The Hold Steady, as their name suggests, have always been consistent. Each record contains the same classic rock bravado, the same gritty tales of skaters and punks, druggies and barflies, “kids at shows” and their “scene leaders.” Jesus is found and lost, beverages consumed and vomited, girls hooked up with then abandoned. And yet, through all the recycled imagery, frontman Craig Finn keeps his storytelling gripping and sympathetic, caring deeply for the life-hungry characters he creates as they binge-and-purge their way through the city’s slimy little sins.

Teeth Dreams, a more straightforward affair than some of their records, is no deviation from the Hold Steady’s concentrated vision. Although Finn has stated that the album’s title was inspired by a David Foster Wallace passage, Jack Kerouac still serves as his main literary muse. Soaked in booze and blood, the songs lift themselves up from the barroom floor to reach toward the flickering light of salvation.

“I Hope This Whole Thing Doesn’t Frighten You” kicks the album into gear as a boyfriend introduces the new girlfriend he’s brought home for Christmas to a few unsavory connections he’s failed to mention. “Spinners” then rocks a little harder, chronicling a single woman’s misadventures and deluded mantras (“Salted rims and frosted mugs / It’s a big city, there’s a lot of love”).

The title’s teeth dreams appear on “The Only Thing,” where the song’s speaker obsesses over a woman “sleeping at a storage space by the airport.” Her accommodations are an improvement over “The Ambassador” of the follow-up track, however (“There wasn’t much diplomatic there / The space between the skin and all the blood”).

D.F. Wallace gets referenced again during “On With the Business,” a song lamenting the “American Sadness” brought on by consumerism, in which the speaker admits he “said a couple things that probably weren’t technically true” during an apparent drug deal. “Big Cig” and “Wait a While” are both rousing odes to ill-chosen romantic entanglements, before things get more harrowing on “Runner’s High,” a track that apex’s amidst a near-death experience.

“Almost Everything,” a reverb-drenched acoustic dime leads into “Oaks,” the Hold Steady’s most expansive song to date.
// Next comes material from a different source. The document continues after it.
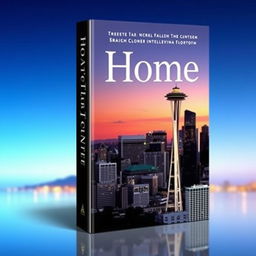 Create a book cover with the title 'Home' featuring a background image of Seattle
At nine minutes in length, the album finale stretches beyond the city limits toward “mountains all covered in oaks… trees as they turn into smoke.”

“Our minds are the windows / Our bodies are screens,” concludes Finn, “We scratch / We scrape / And we dream.” If the Hold Steady continue to release such solid work, may they scratch and scrape and dream for many records to come.